Maui County spokesman Rod Antone said Monday that "although we respect the court's decision, we are still reviewing the court's ruling and evaluating our options."
The county had asked for a delay or dismissal, saying it had applied for a National Pollutant Discharge Elimination System permit for the four Lahaina injection wells. The court denied the county request.
The lawsuit, filed on behalf of Hawaii Wildlife Fund, Surfrider Foundation, West Maui Preservation Association and Sierra Club-Maui Group, followed years of meetings with county officials as part of efforts to resolve the issue out of court, according to the groups.

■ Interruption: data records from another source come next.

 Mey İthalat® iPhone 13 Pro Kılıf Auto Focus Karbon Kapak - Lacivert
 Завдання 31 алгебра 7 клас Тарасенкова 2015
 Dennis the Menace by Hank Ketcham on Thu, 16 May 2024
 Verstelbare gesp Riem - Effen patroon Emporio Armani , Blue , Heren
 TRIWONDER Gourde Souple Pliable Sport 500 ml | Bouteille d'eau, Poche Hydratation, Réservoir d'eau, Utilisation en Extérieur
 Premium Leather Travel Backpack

"It's frustrating that they refused to listen to us, forcing us to go to court, but we are happy the judge understands the gravity of the situation," said Lucienne de Naie, conservation chairwoman for Sierra Club Maui.
The court found that wastewater-laden groundwater entering the ocean at Kahekili Beach Park has "exceptionally elevated" levels of nitrogen and phosphorous. The addition of nutrients from the wastewater facility "can accelerate the growth of fleshy seaweed and algae, which can compete with, outgrow and kill coral," according to the ruling.

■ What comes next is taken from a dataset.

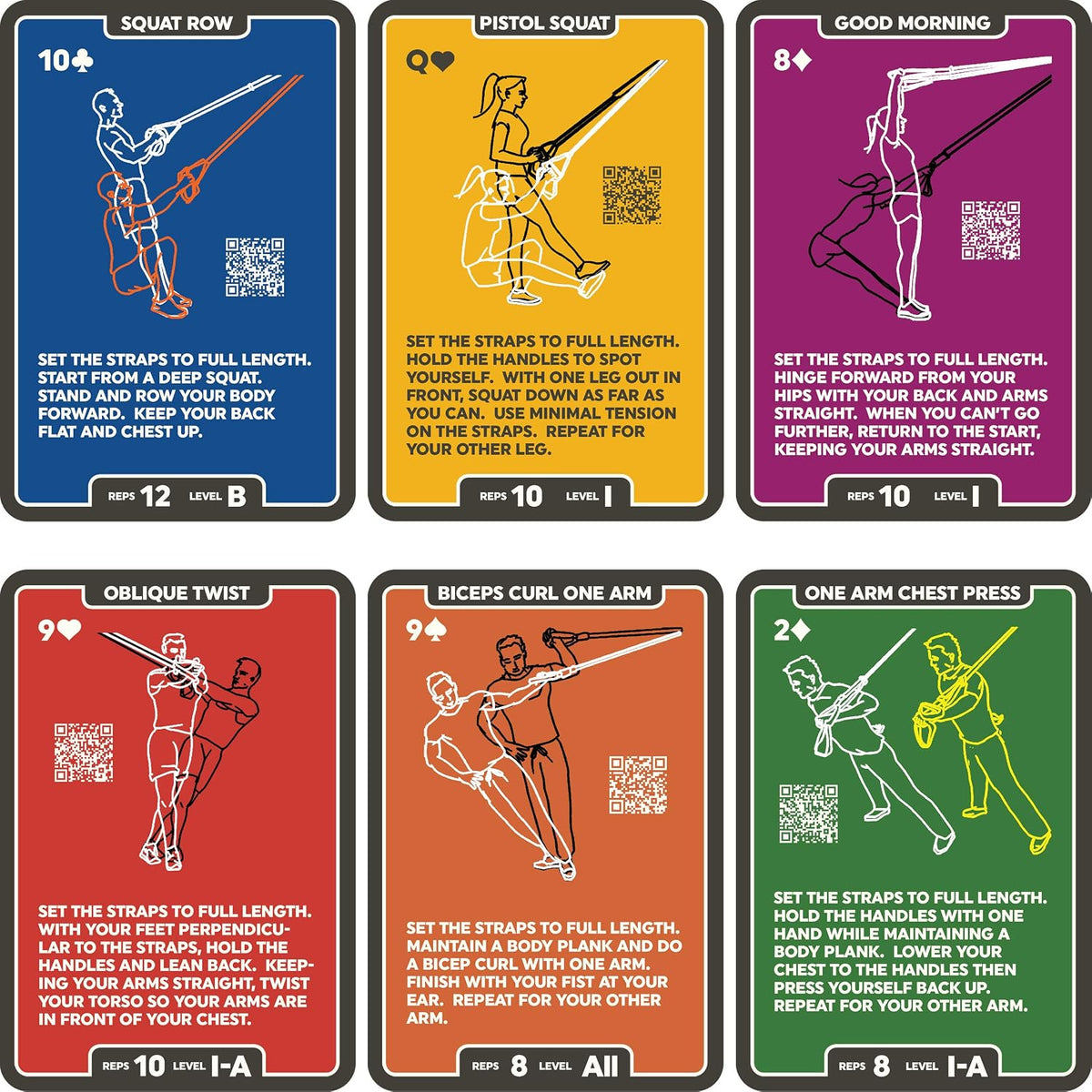 Stack 52 Suspension Exercise Cards Mega Pack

The county discharges into the ocean were found to be "substantially more acidic than the rest of the ocean's nearshore water," lower in salinity and dissolved oxygen and "substantially elevated" in temperature, the ruling said.
"With elevated nutrients, acidity and temperature, combined with its low salinity and oxygen, the county's wastewater is, sadly, a perfect recipe for destroying Kahekili's coral reefs," said Hannah Bernard of Hawaii Wildlife Fund. "The dramatic decline of this once pristine marine environment is just heartbreaking. The county needs to take immediate steps to save what's left."

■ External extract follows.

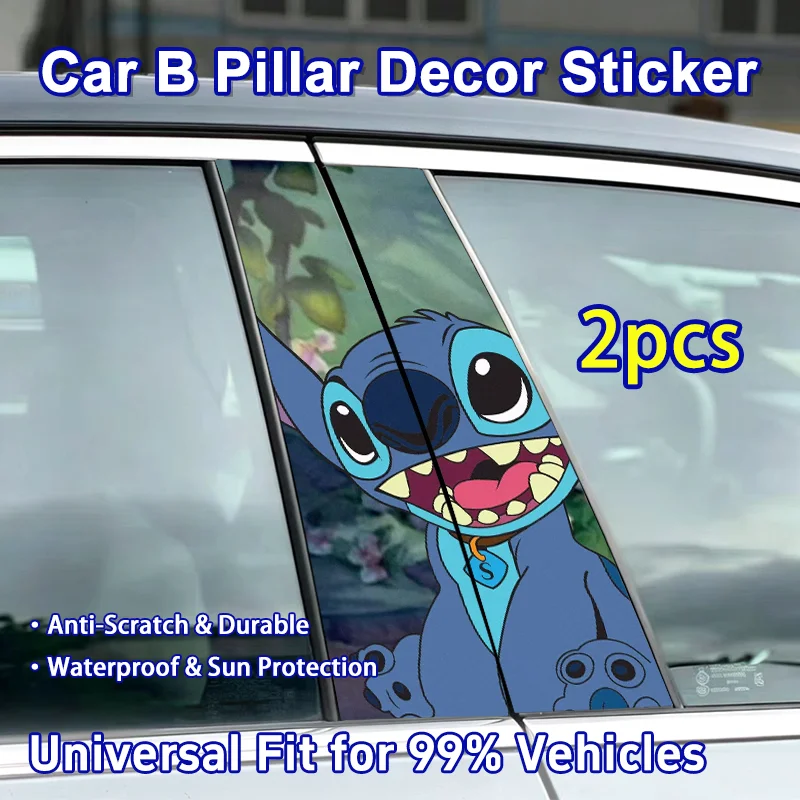 Disney Lilo & Stitch Car Side Middle Pillar Sticker, Creative Design, HD Printing, Sunproof for car pillar beautification
Disney Lilo & Stitch Car Side Middle Pillar Sticker, Creative Design, HD Printing, Sunproof for car pillar beautification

In addition to destroying coral, chemicals in the wastewater threaten residents and tourists swimming and surfing at the beach, said Angela Howe of Surfrider Foundation.
"With West Maui in a near permanent drought, the county should be reusing the millions of gallons of wastewater from the Lahaina facility to meet the needs of golf courses, resorts and other developments, not dumping it onto our reefs," said Lance Collins of the West Maui Preservation Association.